Vera da Costa, Secrétaire Générale du bureau anti-tabac de l’OMS, avait déjà adressé officiellement ses « félicitations » et « toute [sa] gratitude » à la junte militaire thaïlandaise pour sa prohibition du vapotage quelques mois après le coup d’état en 2014. Le pays qui compte, selon ses statistiques officielles, 42% de fumeurs est considéré comme « une sucess-story » par la toute-puissante cheffe de la FCTC dans un article du Guardian à l’été 2016. Le marché légal des cigarettes y est tenu pour 80% par le Thaïland Tobacco Monopoly, entreprise d’Etat sous l’autorité du Ministère des finances mais qui ne détient plus le monopole en dépit de son nom. L’entreprise annonce rapporter plus de 7 milliards de baths (env. 200 millions FS, 180 millions €) par an au Royaume. Le Thaïland Tobacco Monopoly finance notamment clubs de football et actions culturelles… Au pays du sourire obligatoire, que les opposants démocrates comparent au roman 1984 de George Orwell, arrêter de fumer à l’aide de la vape, c’est pire que fumer des cigarettes. 

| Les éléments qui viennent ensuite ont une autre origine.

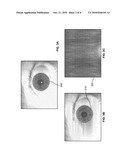 METHODS AND SYSTEMS FOR BIOMETRIC IDENTIFICATION diagram and image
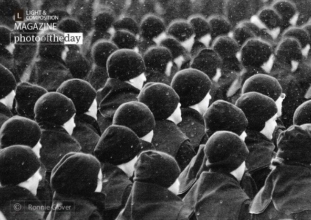 Winter, by Ronnie Glover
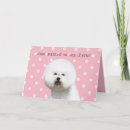 Buscar frise del bichon tarjetas Perro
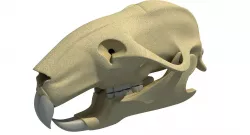 Rat Skull 3D model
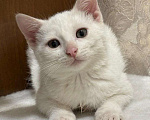 Кошки в Москве: Белый малыш Юки. Котенок в добрые руки. Мальчик, Бесплатно - фото 2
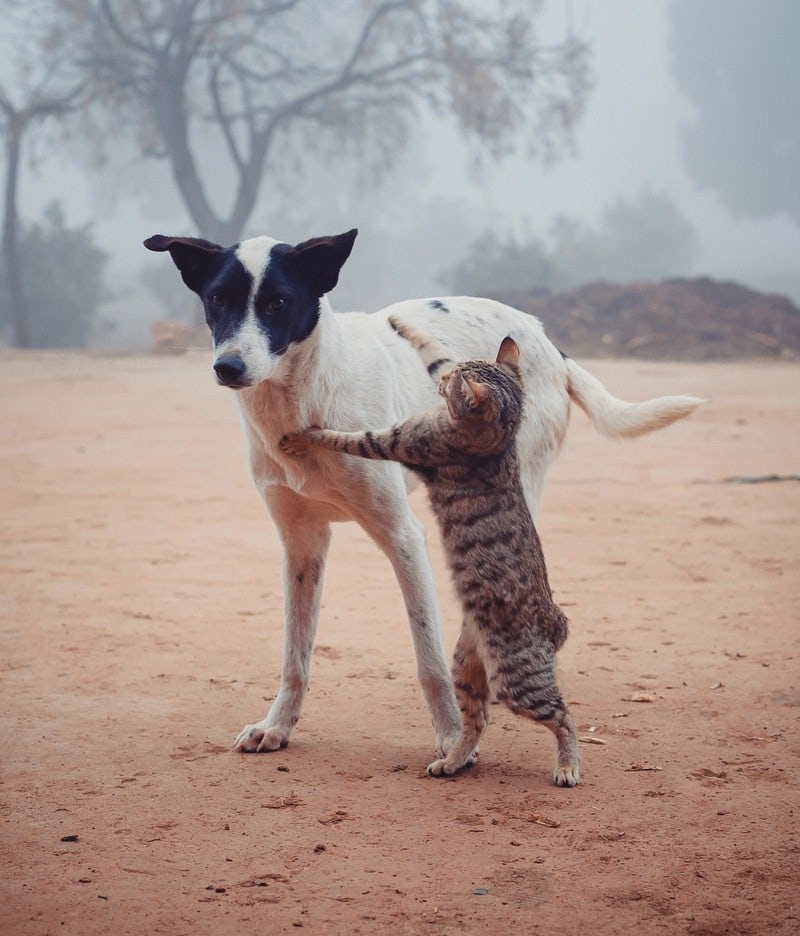 cat fighting with dog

(*) « “tobacco control” means a range of supply, demand and harm reduction strategies that aim to improve the health of a population by eliminating or reducing their consumption of tobacco products and exposure to tobacco smoke », à noter que la traduction française officielle est peu claire sur le point de la réduction des méfaits.